This announcement contains inside information as stipulated under the Market Abuse Regulations (EU) no. 596/2014 ("MAR")

27 April 2018

Audioboom Group plc

("Audioboom" or the "Company")

Update on Proposed Acquisition and current trading

Issue of new GBP1m convertible loan note

Related party transaction with Candy Ventures SARL

The Board ("Board") of Audioboom (AIM: BOOM), the leading spoken word audio on-demand platform, announces that, further to its announcement on 13 February 2018, the process in respect of the Company's proposed acquisition (the "Proposed Acquisition") of the entire issued share capital of Triton Digital Canada Inc ("Triton") and the associated fundraise (the "Acquisition Placing") continues. However, at this stage there can be no certainty that the Proposed Acquisition and the Acquisition Placing will complete. Furthermore, the structure and terms of the Proposed Acquisition and the Acquisition Placing will be different from those outlined in the announcement of 13 February 2018.

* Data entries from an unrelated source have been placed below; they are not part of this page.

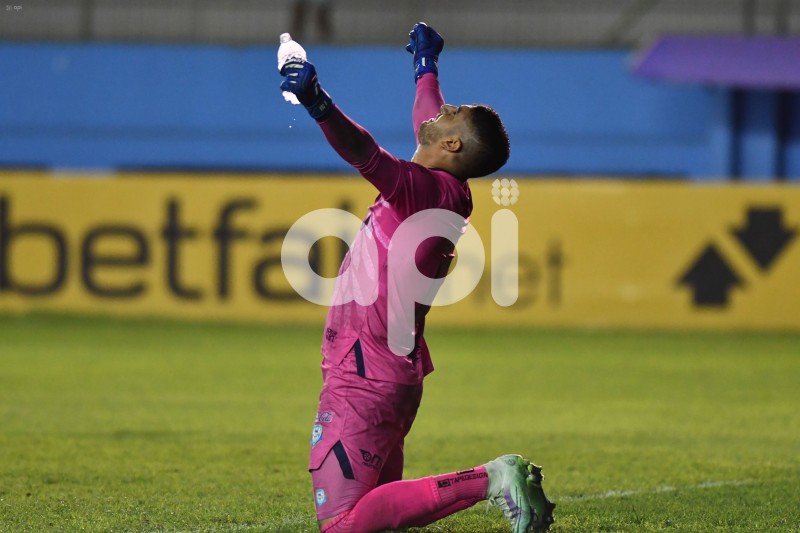 FBL-SUDAMERICANA-9OCT-GUAIRENA
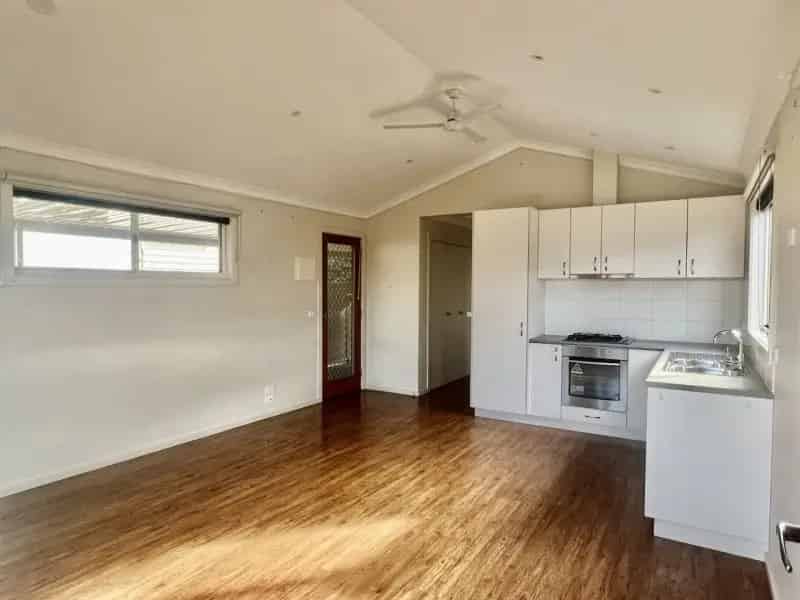 House For Sale , 300, Clifton Avenue, Leopold, Victoria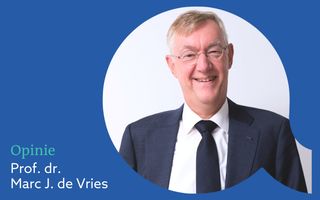 Webvignet Toegespitst van Prof. dr. Marc J. de Vries met ronde bril, donker pak met bijpassende stropdas.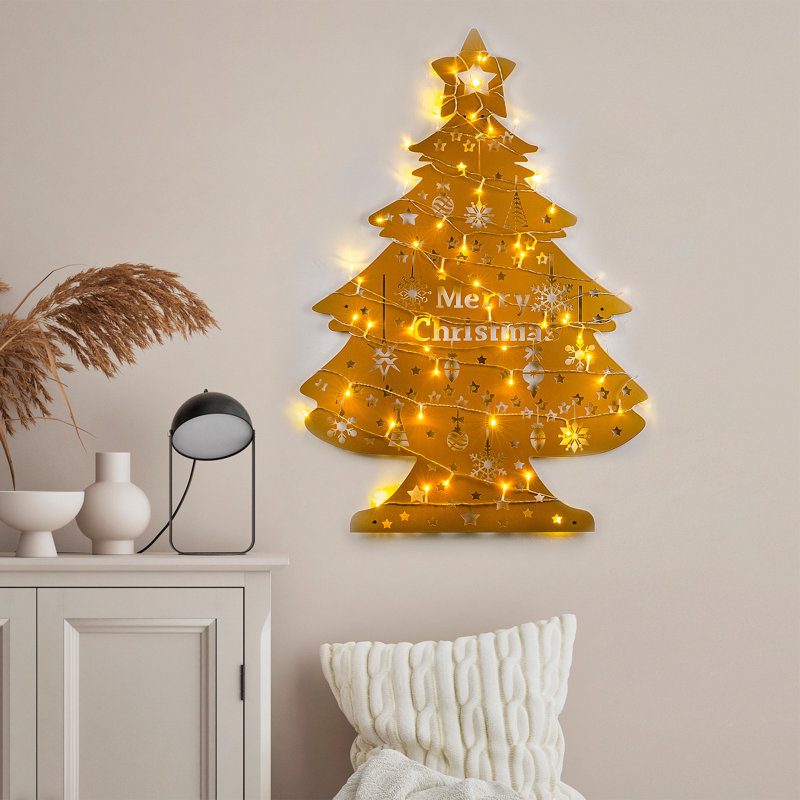 Wall Decor on Metal, Gold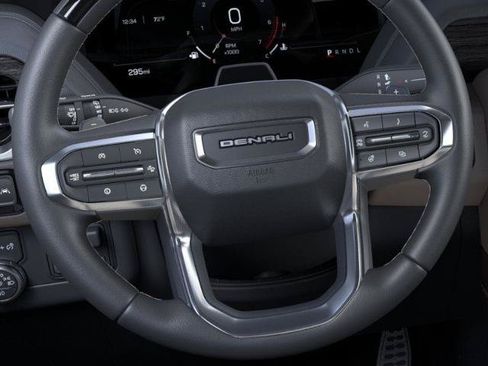 New 2026 GMC Yukon XL Denali Ultimate w/ LPO, Illumination Package AWD/4WD image 19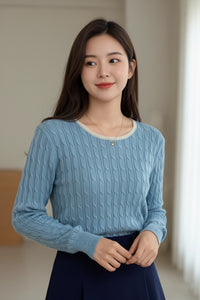 Twisted Pattern Round-Neck Sweater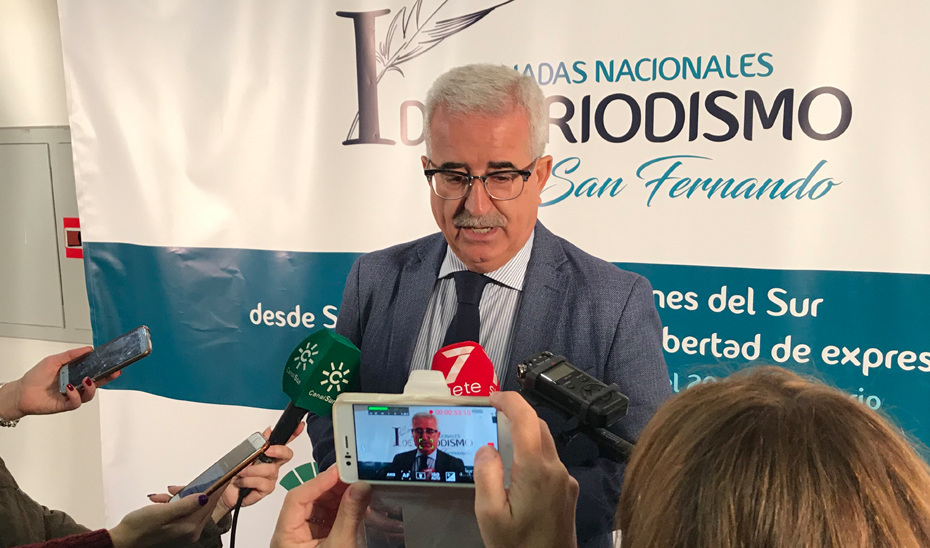 Jiménez Barrios ha participado en San Fernando (Cádiz), en las I Jornadas Nacionales de Periodismo, organizadas por Publicaciones del Sur.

The Company's ordinary shares of no par value ("Ordinary Shares") will remain suspended from trading on AIM until such time as either an admission document in respect of the Proposed Acquisition is published or an announcement is released confirming that the Proposed Acquisition is not proceeding. The Board expects to be in a position to make a further announcement in these respects within the next three weeks.

Convertible Loan Note

As highlighted in its announcement on 13 February 2018, as a result of the Proposed Acquisition and the Acquisition Placing not having yet completed, the Company requires further financing in the short-term for working capital purposes, including certain of the transaction costs incurred to date associated with the Proposed Acquisition.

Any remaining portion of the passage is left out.